Se jouant de l'amour fou et immature qu'il lui portait, elle parvint à le manipuler, à le pousser à utiliser un de ses philtres contre l'épouse de Pascal afin de l'en libérer. Encore jeune et naïf, Sven, alors âgé d'une vingtaine d'années au plus, obéit sans trop réfléchir aux injonctions de Judith. Il apprit quelques jours après que la jeune femme à qui il avait fait boire le poison avait perdu les jumeaux qu'elle portait avant de mourir des complications de cet avortement forcé. Judith ne se défendit pas d'être la cause de ce décès, elle se rit même de la naïveté de Sven, et disparut en le laissant seul pour affronter les conséquences de son acte.

Bien sûr, elles ne furent pas bénignes. On le condamna à mort pour sorcellerie mais pis encore, sa soeur, la douce Eryn, se suicida, incapable de supporter le crime de son frère. Son corps ne fut pas retrouvé et Pascal disparut de la cour peu après, ne laissant derrière lui aucune trace, aucun mot.
Fut-ce la chance ou un tour cruel du destin ? Judith fit une dernière apparition et vint sauver Sven de la corde, lui permettant de s'échapper au dernier instant, alors que la corde avait déjà ravagé ses cordes vocales, et, s'il le désirait, de devenir son apprenti. Pendant quelques années, il la suivit, apprenant avec elle quelques arcanes de l'art sombre auquel elle s'adonnait, jusqu'à ce que la culpabilité le rattrape, si vive qu'il ne put y échapper.

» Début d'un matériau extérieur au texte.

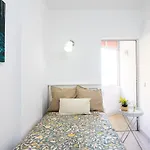 Home2book Charming Duplex Tabaiba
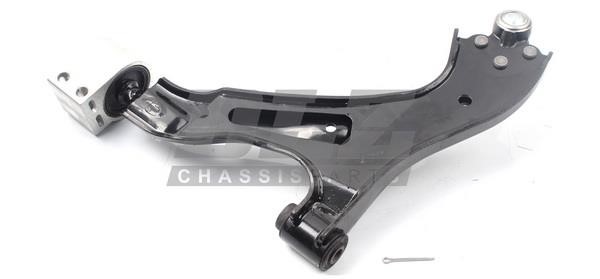 DLZ AM0669R Track Control Arm AM0669R: Buy near me in Poland at 2407.PL - Good price!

Une nuit, il abandonna Judith endormie dans sa couche et partit sur les chemins de Rome, espérant trouver dans le rôle de Chevalier une rédemption presque impossible. Meurtrier, sorcier, il avoua tout, désireux de se confesser, d'expier ses nombreux péchés, et la clémence de celui à qui il s'était livré fut assez grande pour lui permettre d'entrer dans le Saint-Ordre.

Désormais chevalier, il combat le Mal qu'il a si intimement connu de toutes ses forces, brûlant les sorcières comme on ferait griller du pain. La peur le tiraille, la peur qu'un jour Judith le retrouve et lui fasse payer son abandon, la peur que sa soeur réapparaisse sous les traits d'un monstre, la peur de tout...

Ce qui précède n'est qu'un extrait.